Civil liberties had gained strength in the 1930s because of association with the rights of labor; in the 1950s and 1960s, they became intertwined with civil rights. Beginning with NAACP v. Alabama in 1958, the Court struck down southern laws that sought to destroy civil rights organizations by forcing them to make public their membership lists. In addition, in the landmark ruling in New York Times v. Sullivan (1964), it overturned a libel judgment by an Alabama jury against the nation’s leading newspaper for carrying an advertisement critical of how local officials treated civil rights demonstrators. The “central meaning of the First Amendment,” the justices declared, lay in the right of citizens to criticize then government. For good measure, they declared the Sedition Act of 1798 unconstitutional over a century and a half after it had expired. Before the 1960s, few Supreme Court cases had dealt with newspaper publishing. Sullivan created the modem constitutional law of freedom of the press.

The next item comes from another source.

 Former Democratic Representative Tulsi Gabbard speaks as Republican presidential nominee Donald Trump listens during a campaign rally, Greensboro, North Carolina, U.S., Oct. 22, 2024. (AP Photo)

Karl Hubenthal's December 8, 1976, cartoon for the Los Angeles Herald-Examiner celebrates the rights revolution as an expansion of American liberty.

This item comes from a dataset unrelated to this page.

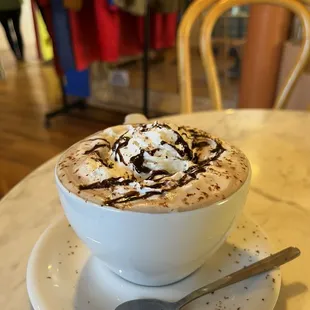 a cup of hot chocolate with whipped cream and chocolate drizzle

The Court in the 1960s continued the push toward racial equality, overturning numerous local Jim Crow laws. In Loving v. Virginia (1967), it declared unconstitutional the laws still on the books in sixteen states that prohibited interracial marriage. This aptly named case arose from the interracial marriage of Richard and Mildred Loving. Barred by Virginia law from marrying, they did so in Washington, D.C., and later returned to their home state. Two weeks after their arrival, the local sheriff entered their home in the middle of the night, roused the couple from bed, and arrested them. The Lovings were sentenced to five years in prison, although the judge gave them the option of leaving Virginia instead. They departed for Washington, but five years later, wishing to return, they sued in federal court, claiming that their rights had been violated. In 1968, in Jones v. Alfred H. Mayer Co., the Court forbade discrimination in the rental or sale of housing. Eliminating “badges of slavery,” such as unequal access to housing, the ruling suggested, was essential to fulfilling at long last the promise of emancipation.